Every major search engine works in a very similar way, following three basic processes to find content and then return it in search results:
- Crawling – finding webpages
- Indexing – categorising and storing the pages in a database
- Ranking – identifying the most relevant pages and putting them in a priority order
A brief look at these three areas will help you understand why SEO works, and why certain things are recommended during the optimisation process.
Crawling
Search engines start with a ‘seed’ list of high quality pages, for example, the BBC or the Open Directory. This list will be of sites that are regarded as of substantially high quality, and are also likely to have editors checking the quality of external links.
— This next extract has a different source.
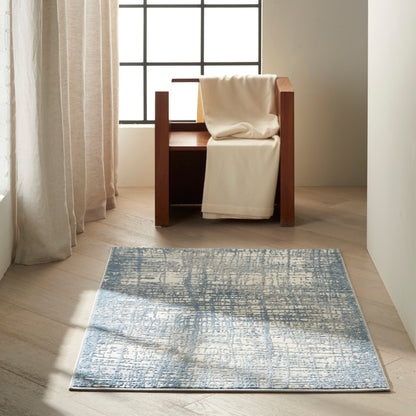 Cream throw on dark wood armchair by grid window, beige curtains, blue abstract rug on light wood floor.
A ‘crawler‘, ‘spider’ or ‘bot’ is a computer program that automatically retrieves pages, and can identify all of the links on those pages. Crawling the seed list of sites allows search engines to discover all of the external links from them. They can then crawl all of the newly discovered sites, finding new links from those sites, and so on. Eventually, this process will allow discovery of every page that is linked to from another site.
Note that this means that if no-one links to your page (not even you!), search engines will not discover your content without manual intervention.
Crawling is a continuous process involving many thousands of computers. Google spent $5 billion on computer equipment in the second quarter of 2014!
At this stage, search engines will immediately discard certain content:
- Broken pages and errors
- Obvious spam
- Types of content that they don’t include in search results (for example, Google retrieves images, but not videos)
If you create a page, and there are links to it, it is highly likely that Google will store it in its database. But this alone does not mean that Google will necessarily rank your page, or that it will attract visitors.
Indexing
Google crawls in excess of 30 trillion web pages. It is not feasible to ‘search’ this amount of content in the way you might, for instance, search for files on an individual computer. Or, at least, it would take an incredibly long time to do so.
Instead, search engines make a database (called an index) of the content, which involves:
- Filing different types of content (e.g text separately from images)
- Storing certain aspects of the page, including:
- The ‘name’ of the page (the title)
- Textual content
- Links to and from the page
- The URL
- Removing ‘useless’ information such as some punctuation characters and code
- Deciding the basic keywords a page could rank for
It’s at this early stage that the keywords your pages can rank for are determined (although the final order is not set). Your pages will also be given a ‘score’ for each word it uses, based on numerous basic criteria.
Basic on-page SEO techniques will ensure your pages pass the indexing stage and have the opportunity to rank.
Ranking
For most searches there are a very large number of results that are a potential match (based on indexing, as described above):
This number is the count of pages matching the word “Google”, according to the indexing process. This is still far too many results to search in a reasonable amount of time. Instead, Google only selects the top 1,000 results, based on indexing scores. At this point, the most basic criteria are still being used, but if you were not in the top 1,000 selected, nothing you do will enable you to rank in Google’s results.
Once it has the top 1,000 results, Google can then perform more refined processing to come up with a final order for the results – the rankings. This process can be conducted very quickly and so more complex criteria can be used.
If you hear discussion of the ‘Google algorithm’ it is usually (and incorrectly) referring to this stage only. Don’t make the mistake of many, and ignore the indexing stage which is equally important.
Ranking criteria are the most complicated and the least understood. These include:
- Interpreting the searcher’s keywords (e.g. correcting errors, or expanding on search words)
- Looking at which external sites link to your page
- Analysis of text content for quality
- Considering the context of a page as part of a website as whole
Google will also use the ranking process to ‘demote’ pages perceived as having issues that should prevent rankings, including:
- Excessive repetition of keywords
- Hiding content
- ‘Thin’ pages with little useful content
- Piracy
- Copies of other pages’ content
Unless you are making serious errors in your content, or are actively trying to manipulate search engine results, you should mainly be concerned with favourable indexing. Complicated ranking criteria are rarely affected by the quality of an individual page’s copy.